Nel 1842 si spostò a Parigi dove visse in compagnia dei più illustri esuli italiani come Guglielmo Pepe, Terenzio Mamiani, Niccolò Tommaseo, Giuseppe Massari e dove rimase fino allo scoppio della rivoluzione del 1848.
Tornato a Napoli nell’aprile di quell’anno, in quanto il re Ferdinando II aveva concesso la Costituzione, terminò così il suo lungo esilio portando con sé le reliquie dell’adorata moglie che fu tumulata nel cimitero di Avellino. Fu reintegrato nel grado di colonnello ed eletto deputato al Parlamento napoletano. A maggio tentò di contrastare la reazione del re con le sue truppe, senza riuscirvi. Fu eletto nuovamente con le elezioni ripetutesi a giugno, ma meno di un anno dopo la Camera fu ancora sciolta e la libertà repressa, provocando il suo ritiro a vita privata in Avellino.
Ma nei primi giorni di settembre 1860, sebbene fosse più che ottantenne, capeggiò un gruppo di liberali irpini che volevano agire in occasione dell’arrivo dei garibaldini. Il 7 settembre Lorenzo de Concilj fu proclamato prodittatore del governo provvisorio irpino, carica demandata subito a Garibaldi che lo nominò maggior generale. Nel 1861 fu nominato Senatore del Regno e collocato a riposo col grado di Luogotenente Generale.

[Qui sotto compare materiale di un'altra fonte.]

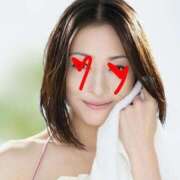 ヒメ日記 2025/10/22 11:35 投稿 まりあ 横浜熟女MAX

Morì ad Avellino il 2 ottobre 1866, all’età di novant’anni, e fu sepolto nel locale cimitero insieme alla diletta consorte. La sua città lo onora con una strada a lui intitolata e, dal 1899, con due targhe, una posizionata sull’ingresso della casa di Corso Vittorio Emanuele, dove morì, (dove ora c’è la filiale della BPER, al n. 156), ed un’altra in via Mancini presso l’ex Palazzo del Comune, con iscrizione dell’onorevole Michele Capozzi. Inoltre, un’altra targa, collocata sul Palazzo della Prefettura in occasione del primo centenario, lo cita ricordando l’insurrezione del luglio 1820.